You even have the opportunity to create Project Templates. Such templates stored in your Workspace can include the common document and file types that make up a project, as well as additional reference documentation and configuration files.
Board Design Release
Altium Designer provides powerful, high-integrity board design release management. The board design release process is automated, enabling you to release your board design projects without the risks associated with manual release procedures. When a particular project is released, a snapshot of the design source is taken and archived along with any generated output – which represents a tangible product that is made from that design project and sold by the company. Release data is stored in revisions of the relevant project-related Item in your connected Workspace:
- PCB Project Design Item – the snapshot of the design, including all source documents. Released into a separate Item in the Workspace, allowing you to keep your valuable IP aside from the generated fabrication and assembly data needed by external parties to build the product.
- PCB Fabrication Data Item – the data set required by the fabrication house for manufacture of the bare board.
- PCB Assembly Data Item – the data set required by the assembly house in order to populate the bare board with specified components, in accordance with a Bill of Materials.
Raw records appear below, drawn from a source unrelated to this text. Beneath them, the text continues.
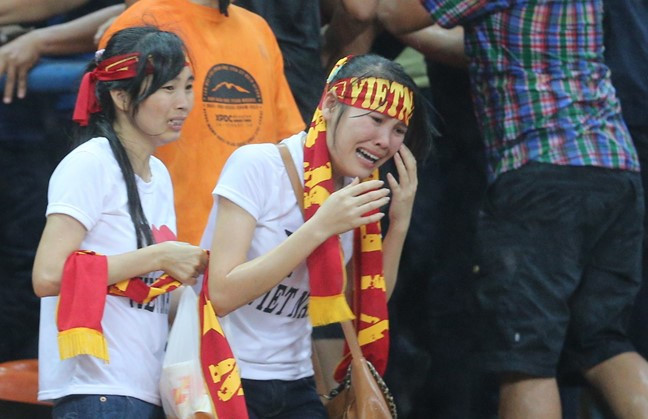 Chung kết AFF Cup 2018: 'Bóng ma' bạo lực sân cỏ ám ảnh Việt Nam trên sân Bukit Jalil Chung kết AFF Cup 2018: 'Bóng ma' bạo lực sân cỏ ám ảnh Việt Nam trên sân Bukit Jalil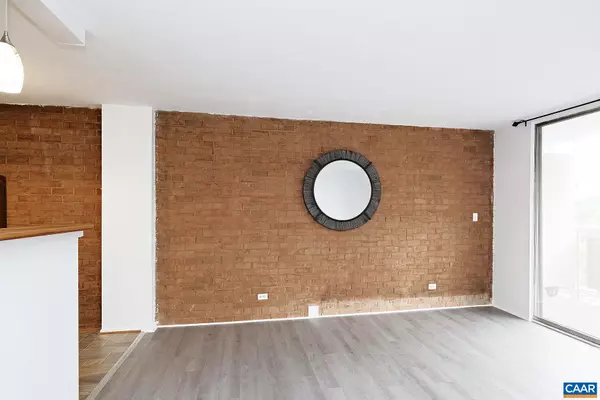 Charlottesville, VA 22903,1800 JEFFERSON PARK AVE #302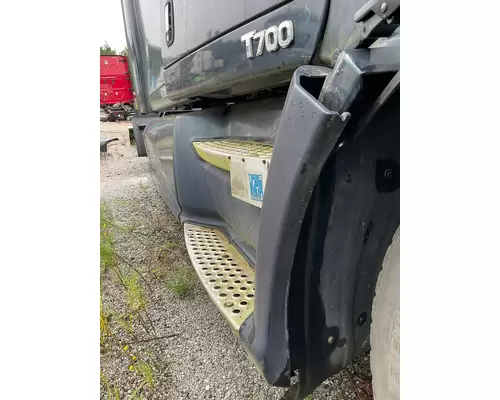 KENWORTH T700 Side Fairing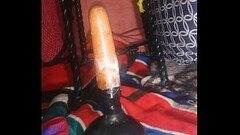 Me masturbo con una zanahoria bien perra loca Thumb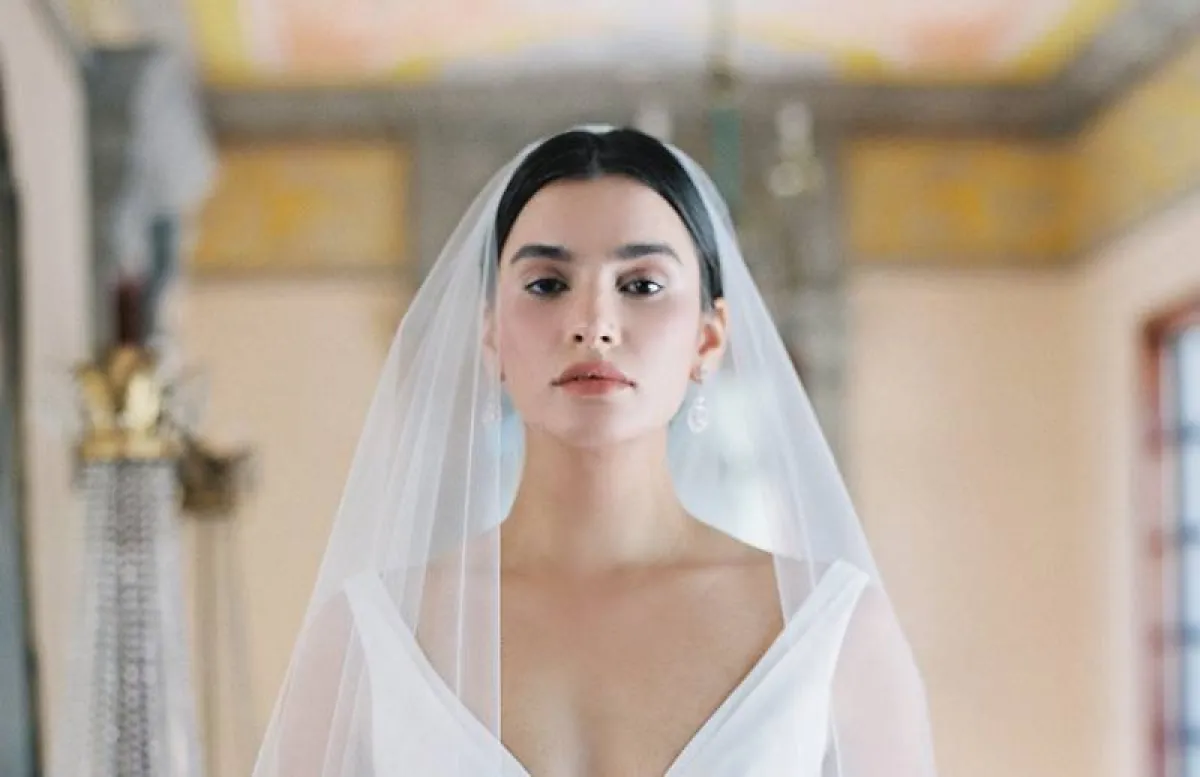 ألوان أحمر شفاه لعروس 2022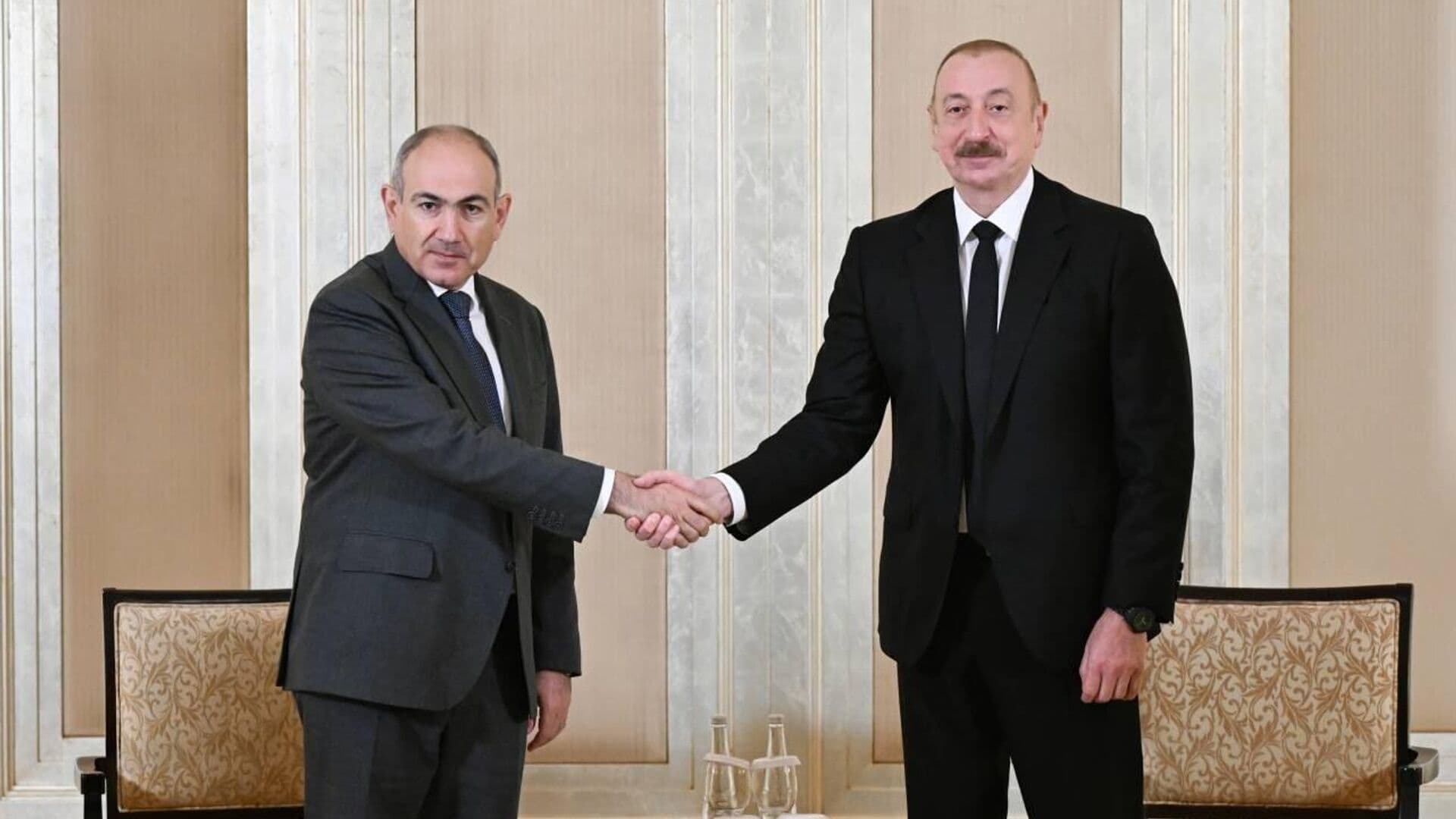 В Абу-Даби проходит встреча Алиева и Пашиняна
A unique Item is used for the base (fully populated) design and each defined variant for the design (assembled variants).
The overall result is the highest integrity board design release management possible. Not only is your actual design project tightly monitored, backed-up, and managed under the Workspace's native version control, but also too, the releases of its data in a similar manner within the target Workspace – robust, safe, secure.
Key Benefits
- Integration with version control. If your project is under version control, then the system requires all files to be checked in and up to date before releasing. This ensures that no "private copy" of an essential design document is ever allowed to sit on an engineer's hard drive – with the potential of becoming lost. This simple rule can save hours down the track in costly searching for the right set of design documents that were used to generate a released product.
- 'One-shot releasing'. The system only allows you to release once to any given revision of a targeted Item. In fact, a successful release results in committing (storing) the release data in the referenced Item Revision, then closes that revision. No further data can be generated and released into that same revision.
- Automated and repeatable design release process. One-touch releasing – no manual stages or risks. From taking the snapshot of the design files, through validation, and output generation, there is no interaction. If a part of the process fails, the release fails. Simple as that. And you get to review all generated data before the final committal of the release data into the Item Revision in the target Workspace.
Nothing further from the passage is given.